SAGE (Semi-Automatic Ground Environment), designed to monitor weapons systems, was the first real time control system.
batch systems
Batch systems automated the early approach of having human operators load one program at a time. Instead of having a human operator load each program, software handled the scheduling of jobs. In addition to programmers submitting their jobs,, end users could submit requests to run specific programs with specific data sets (usually stored in files or on cards). The operating system would schedule “batches” of related jobs. Output (punched cards, magnetic tapes, printed material, etc.) would be returned to each user.
Examples of operating systems that were primarily batch-oriented include: BKY, BOS/360, BPS/360, CAL, and Chios.
early 1960s
Some operating systems from the early 1960s include: Admiral, B1, B2, B3, B4, Basic Executive System, BOS/360, EXEC I, EXEC II, Honeywell Executive System, IBM 1410/1710 OS, IBSYS, Input Output Control System, Master Control Program, and SABRE.
The first major transaction processing system was SABRE (Semi-Automatic Business Related Environment), developed by IBM and American Airlines.w78
system calls
The first operating system to introduce system calls was University of Machester’s Atlas I Supervisor.w78
mid 1960s
Some operating systems from the mid-1960s include: Atlas I Supervisor, DOS/360, Input Output Selector, and Master Control Program.
late 1960s
Some operating systems from the late-1960s include: BPS/360, CAL, CHIPPEWA, EXEC 3, and EXEC 4, EXEC 8, GECOS III, George 1, George 2, George 3, George 4, IDASYS, MASTER, Master Control Program, OS/MFT, OS/MFT-II, OS/MVT, OS/PCP, and RCA DOS.
microprocessors
In 1968 a group of scientists and engineers from Mitre Corporation (Bedford, Massachusetts) created Viatron Computer company and an intelligent data terminal using an 8-bit LSI microprocessor from PMOS technology. A year later in 1969 Viatron created the 2140, the first 4-bit LSI microprocessor. At the time MOS was used only for a small number of calculators and there simply wasn’t enough worldwide manufacturing capacity to build these computers in quantity.
Other companies saw the benefit of MOS, starting with Intel’s 1971 release of the 4-bit 4004 as the first commercially available microprocessor. In 1972 Rockwell released the PPS-4 microprocessor, Fairchild released the PPS-25 microprocessor, and Intel released the 8-bit 8008 microprocessor. In 1973 National released the IMP microprocessor.

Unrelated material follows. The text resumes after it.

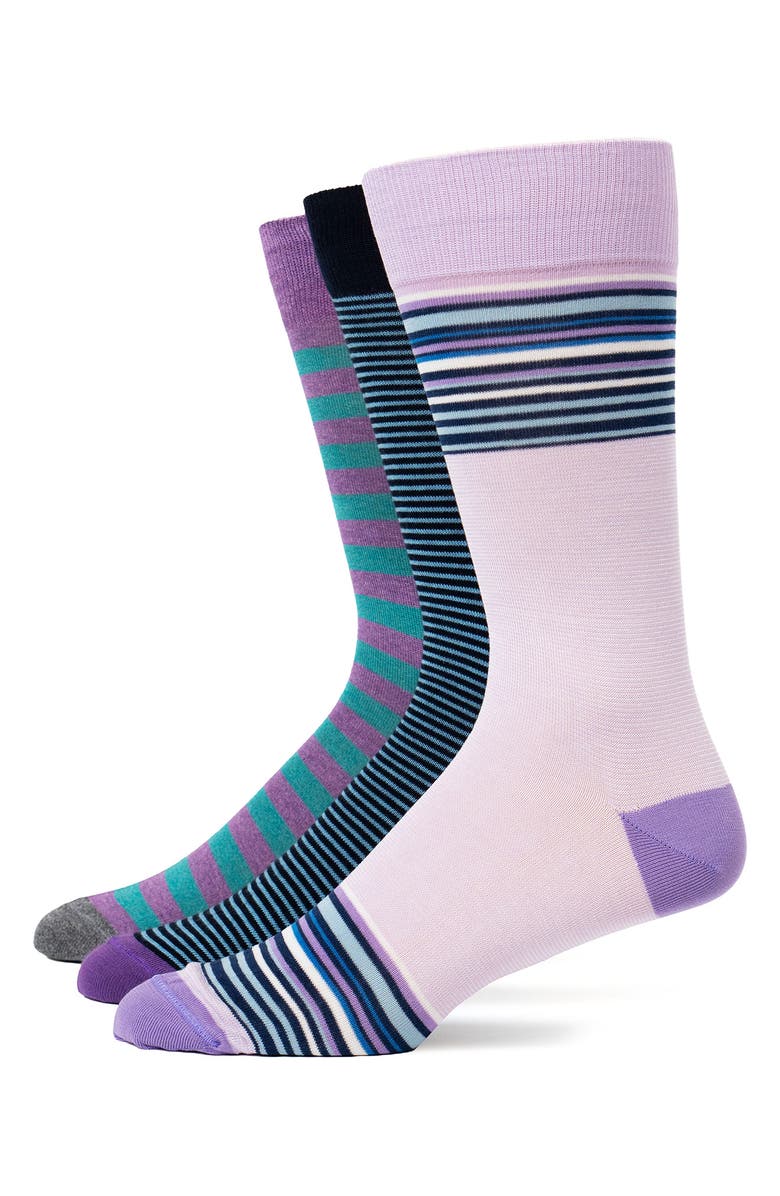 Lorenzo Uomo Assorted 3-Pack Crew Socks, Main, color, Medium Purple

In 1973 Intel released the faster NMOS 8080 8-bit microprocessor, the first in a long series of microprocessors that led to the current Pentium.

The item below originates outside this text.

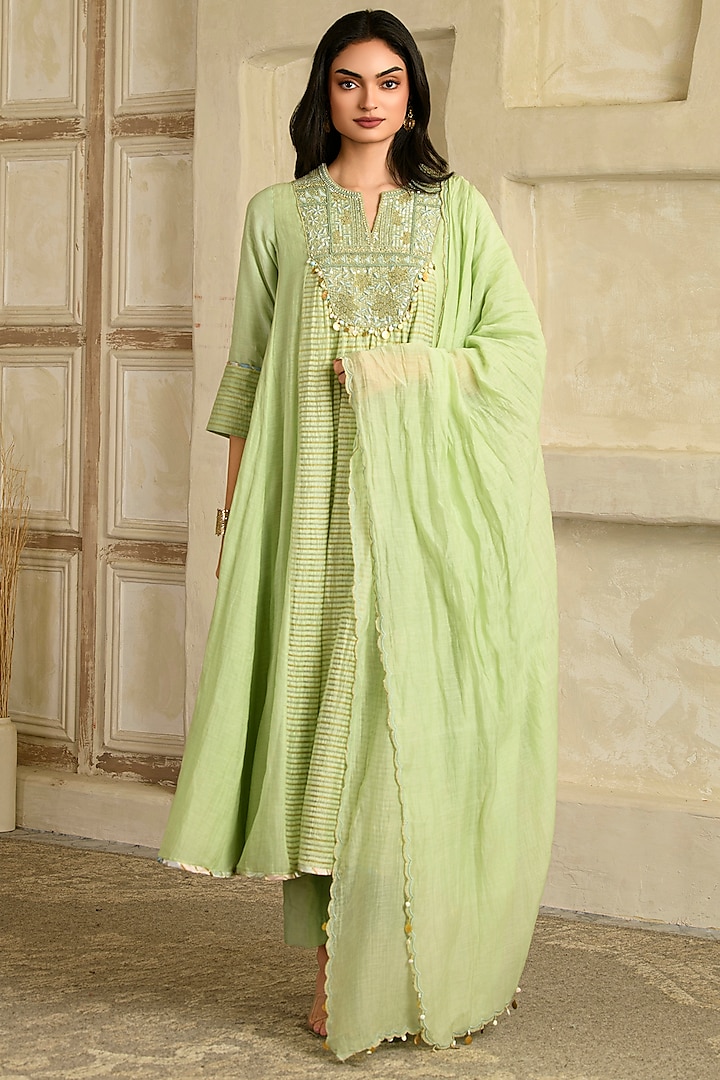 Pista Green Chanderi Tissue Silk Hand Embroidered Wedding Anarkali Set by Saahiil Kapoor at Pernia's Pop Up Shop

In 1974 Motorola released the 6800, which included two accumulators, index registers, and memory-mapped I/O. Monolithic Memories introduced bit-slice microprocessing. In 1975 Texas Instruments introduced a 4-bit slice microprocessor and Fairchild introduced the F-8 microprocessor.
early 1970s
Some operating systems from the early-1970s include: BKY, Chios, DOS/VS, Master Control Program, OS/VS1, and UNIX.

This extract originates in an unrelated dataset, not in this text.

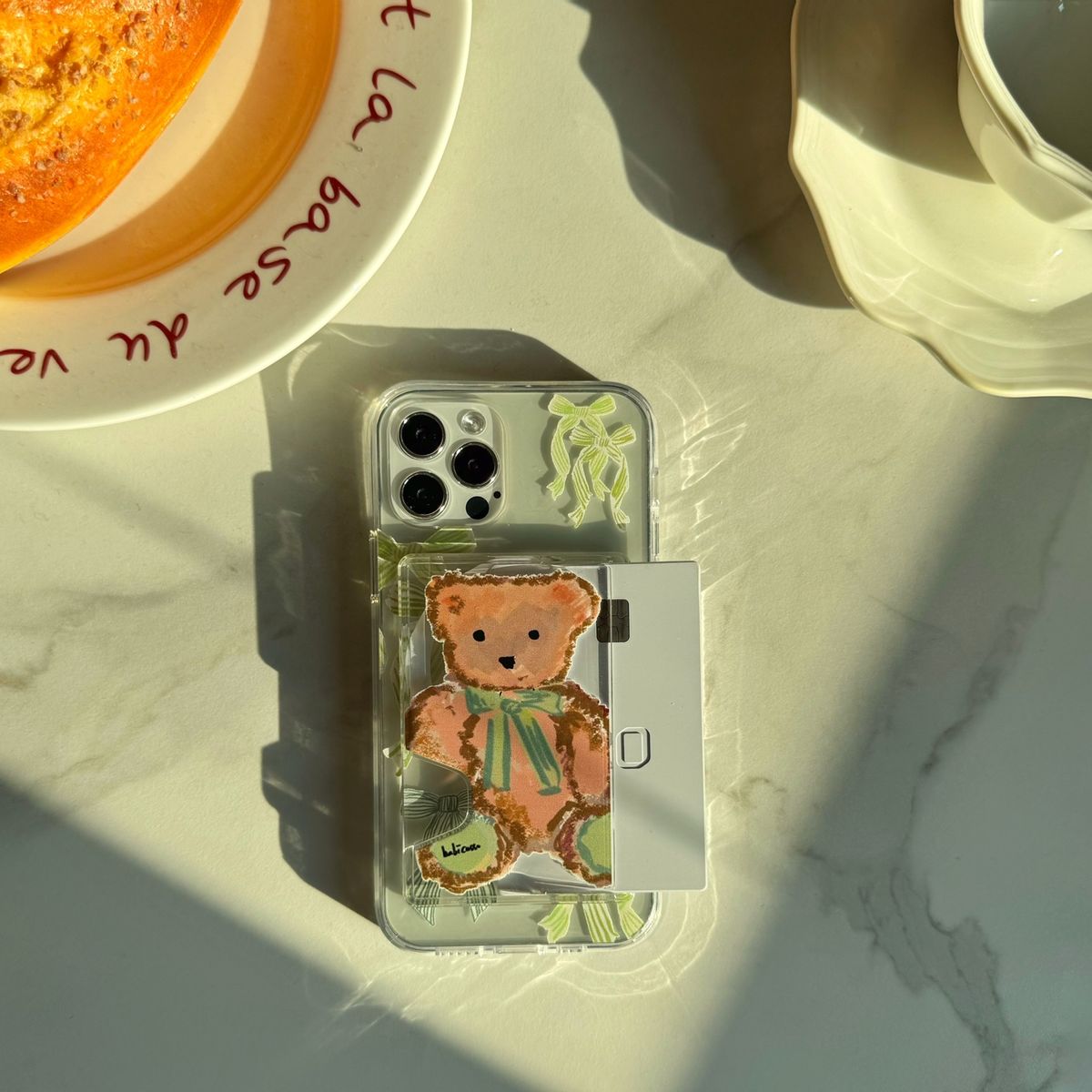베비카소(BABICASSO) [Slim Magsafe]Ribbon Bear  Case & Clear CardPocket Set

In 1970 Ken Thompson of AT&T Bell Labs suggested the name “Unix” for the operating system that had been under development since 1969. The name was an intentional pun on AT&T’s earlier Multics project (uni- means “one”, multi- means “many”).
mid 1970s
Some operating systems from the mid-1970s include: Master Control Program.
In 1973 the kernel of Unix was rewritten in the C programming language. This made Unix the world’s first portable operating system, capable of being easily ported (moved) to any hardware. This was a major advantage for Unix and led to its widespread use in the multi-platform environments of colleges and universities.
late 1970s
Some operating systems from the late-1970s include: EMAS 2900, General Comprehensive OS, OpenVMS, OS/MVS.
1980s
Some operating systems from the 1980s include: AmigaOS, DOS/VSE, HP-UX, Macintosh, MS-DOS, and ULTRIX.
1990s
Some operating systems from the 1990s include: BeOS, BSDi, FreeBSD, NeXT, OS/2, Windows 95, Windows 98, and Windows NT.
2000s
Some operating systems from the 2000s include: Mac OS X, Syllable, Windows 2000, Windows Server 2003, Windows ME, and Windows XP.